La France coloniale, de saint Louis au duc d’Aumale (lequel, soit dit en passant, a donné ses nom et titre de noblesse à une des trente-deux positions particulièrement honorée dans la géométrie bordelière), du duc d’Aumale à Liautey, toute la France coloniale, la passée, la présente, la future, avec son cortège de missionnaires-massacreurs, se devait n’est-ce-pas, Victor Hugo, de chanter les Orientales :

Sarah belle d’indolence,

se balance

La maquerelle, très Européenne et fière de l’être, tape dans ses mains : Sarah, Sarah, allons vite au salon.

Une Africaine, belle d’indolence, dans sa collection quel joyau ! et comme ça vous relève l’avachissement décoloré des autres chairs. Et quel objet de désirs. L’objet de désirs, nous y voici revenus, et plutôt deux fois qu’une, puisque la créature, par définition des objets de désirs, grâce à la mise en scène de l’amour vénal et organisé, a trouvé place dans le cadre des désirs.

La négresse, dans les bordels métropolitains où la confine la toute puissance du blanc, est à sa place, comme sa sœur de bronze, porteuse d’électricité, à l’orée des escaliers à tapis rouge et tringles d’or, expression si parfaite du contentement de soi que ne cessèrent d’éprouver le XIXe et le xxe naissant.

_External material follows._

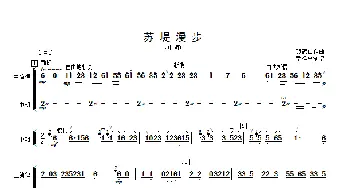 苏堤漫步_歌曲简谱_词曲: 顾冠仁
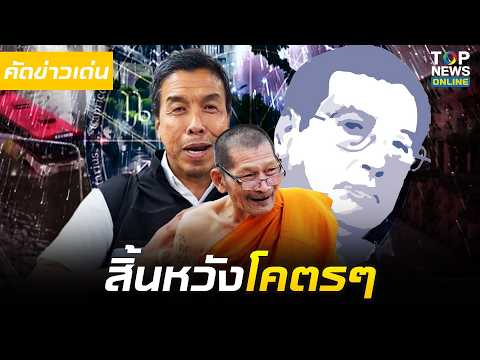 "เปลวสีเงิน" จัด "ชัชชาติ" ปล่อยกรุงจมน้ำสิ้นหวังโคตรๆ ยิ่งพับโครงการแก้มลิงเพราะแพง เชื่อคำโม้ไหม?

Et qu’elle n’ait pas le mal du pays !

Là-bas, dans le continent originel, avec ses négrillons frères, des administrateurs, des généraux, et qui sait ? peut-être même ce maréchal qui a si bien mérité sa gloire romaine, ont joué, jouent ou joueront à Je t’encule et tu me suces. Pourquoi la colère secouerait-elle une famille qui a si bien réussi ? Que les touristes continuent donc à se réjouir de leur tourisme. Dès la douane, et à plus forte raison, hors de leur continent, de leur continence, ils sentent tomber l’uniforme des contraintes.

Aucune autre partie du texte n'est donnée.